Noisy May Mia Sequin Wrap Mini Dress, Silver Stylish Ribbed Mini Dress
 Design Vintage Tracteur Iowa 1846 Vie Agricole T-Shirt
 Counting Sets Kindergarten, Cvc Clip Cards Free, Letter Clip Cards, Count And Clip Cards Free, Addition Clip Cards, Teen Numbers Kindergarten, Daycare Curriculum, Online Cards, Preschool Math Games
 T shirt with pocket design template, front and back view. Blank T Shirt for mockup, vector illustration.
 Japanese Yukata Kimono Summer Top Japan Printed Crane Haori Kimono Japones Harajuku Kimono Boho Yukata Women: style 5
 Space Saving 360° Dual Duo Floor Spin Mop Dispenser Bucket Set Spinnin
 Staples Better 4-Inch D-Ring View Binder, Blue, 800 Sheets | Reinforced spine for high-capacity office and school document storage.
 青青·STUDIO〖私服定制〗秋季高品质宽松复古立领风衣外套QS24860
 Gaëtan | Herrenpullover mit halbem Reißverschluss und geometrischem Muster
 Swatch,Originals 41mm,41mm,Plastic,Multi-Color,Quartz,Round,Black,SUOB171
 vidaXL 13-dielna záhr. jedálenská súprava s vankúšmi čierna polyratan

--

- _WHAT NEEDS TO BE DONE_:
Go through the material above line by line and copy it exactly.

- _SOLUTION FOR THIS PROBLEM_:
Noisy May Mia Sequin Wrap Mini Dress, Silver Stylish Ribbed Mini Dress
 Design Vintage Tracteur Iowa 1846 Vie Agricole T-Shirt
 Counting Sets Kindergarten, Cvc Clip Cards Free, Letter Clip Cards, Count And Clip Cards Free, Addition Clip Cards, Teen Numbers Kindergarten, Daycare Curriculum, Online Cards, Preschool Math Games
 T shirt with pocket design template, front and back view. Blank T Shirt for mockup, vector illustration.
 Japanese Yukata Kimono Summer Top Japan Printed Crane Haori Kimono Japones Harajuku Kimono Boho Yukata Women: style 5
 Space Saving 360° Dual Duo Floor Spin Mop Dispenser Bucket Set Spinnin
 Staples Better 4-Inch D-Ring View Binder, Blue, 800 Sheets | Reinforced spine for high-capacity office and school document storage.
 青青·STUDIO〖私服定制〗秋季高品质宽松复古立领风衣外套QS24860
 Gaëtan | Herrenpullover mit halbem Reißverschluss und geometrischem Muster
 Swatch,Originals 41mm,41mm,Plastic,Multi-Color,Quartz,Round,Black,SUOB171
 vidaXL 13-dielna záhr. jedálenská súprava s vankúšmi čierna polyratan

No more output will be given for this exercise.